Business finance tools and technology have certainly come a long way. Especially in the last five years, with the adoption of cloud-based platforms and recent advancements in artificial intelligence.
Unfortunately, accounts payable is still viewed as the same paper-entrenched department of the '90s. And since AP is also perceived as a cost center, not much investment has been made in its infrastructure.
This is quite a shame, as many tools today have huge applications in the AP department, which can ultimately transform it into a money-making department.
Here are four popular accounting tools every accountant needs in accounts payable.
Scanning invoices is a great start, but that's really the lowest common denominator in the paperless office initiative. OCR, or object character recognition, is the tool you really need.
Not only does it make the scanned invoice file size smaller (a text file is significantly smaller than an image), but it unlocks one vital and important feature—search.
Searchable OCR-converted invoices, then, allow the AP department to quickly and effortlessly find transactions by date, vendor, amount, or even item number. By converting the invoice into a computer-readable format, the accounting software can begin to glean insights from the data, unlocking intelligence.
Mac, PC, tablet, or smartphone—today's modern accountant needn't concern him or herself with any of this. That's precisely what a cloud-based arsenal of tools affords the accountant—the ability to work on any piece of hardware anywhere they may be at any time of day.
But that's just one of the advantages to these types of software solutions.
Another common feature of a cloud-based accounting system is its software-as-a-service—or SaaS—licensing. Instead of paying for off-the-shelf accounting software and its subsequent updates, modern AP departments can simply purchase access to a platform. This makes management easier, as it's handled by the licensing company. Upgrades are rolled out as they're made available and important financial data is always secured and backed up.
But the best feature that cloud-based software offers is its open-ended design. The implementation of APIs, or application program interfaces, allows data from one application to flow into another, which solves the huge data visibility problem created by insular locally-run software.
Payables knows when to pay a supplier. Receivables knows when to expect payment. Procurement knows alternative suppliers from which to source materials. And the warehouse staff knows what's on hand.
Unfortunately, the data generated from these departments are kept insular. This is known as data siloing—a problem that stifles insights and analytics.
Connecting these data silos is the precursor to business intelligence. Directing this stream of data to an ERP allows analysts and C-suites alike to make insightful decisions backed by data, which is especially pertinent when you've adopted—or are aspiring to—just-in-time business practices and ideologies.
AP is racing against the clock, working tirelessly to get payments authorized and sent out to suppliers. So when the phone rings and an accountant has to field a payment status call, valuable moments are lost in what otherwise should be spent performing AP's primary duty—paying suppliers.
These supplier payment portals are the self-service payment inquiry calls.
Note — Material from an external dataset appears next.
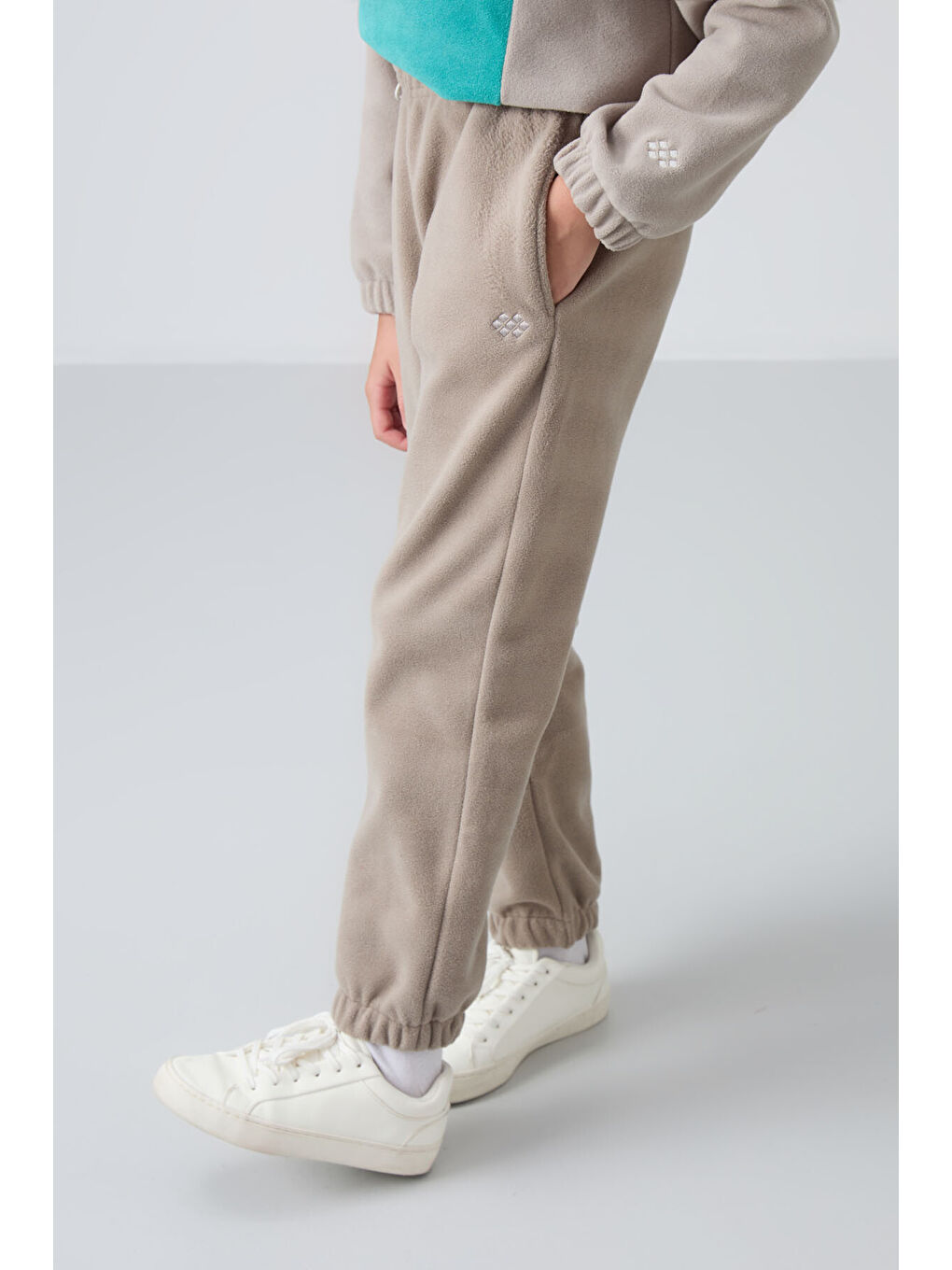 Koyu Bej Kalın Yumuşak Dokulu Standart Fit Nakışlı Polar Kız Çocuk Eşofman Alt - 75155-4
Suppliers log in to quickly check payment status. They can reference all past payments and compare them with invoice totals, matching receivables' totals. The supplier portal can also serve a valuable tool in referencing 1099s come year's end.
And that leaves AP staff with its undivided attention to pay suppliers on time—or better yet, sooner than expected to take advantage of discounts.
Implementing any set of the tools mentioned above enables AP to shorten the time between invoice processing and payments. And once AP can shorten this payments workflow, it becomes eligible to dynamic discounting along with other forms of rebates.
Simply put, the faster an organization can go from invoice received, to processed, all the way to paid, the faster it can start saving.
And savings, after all, is one of the best tools a business can take advantage of.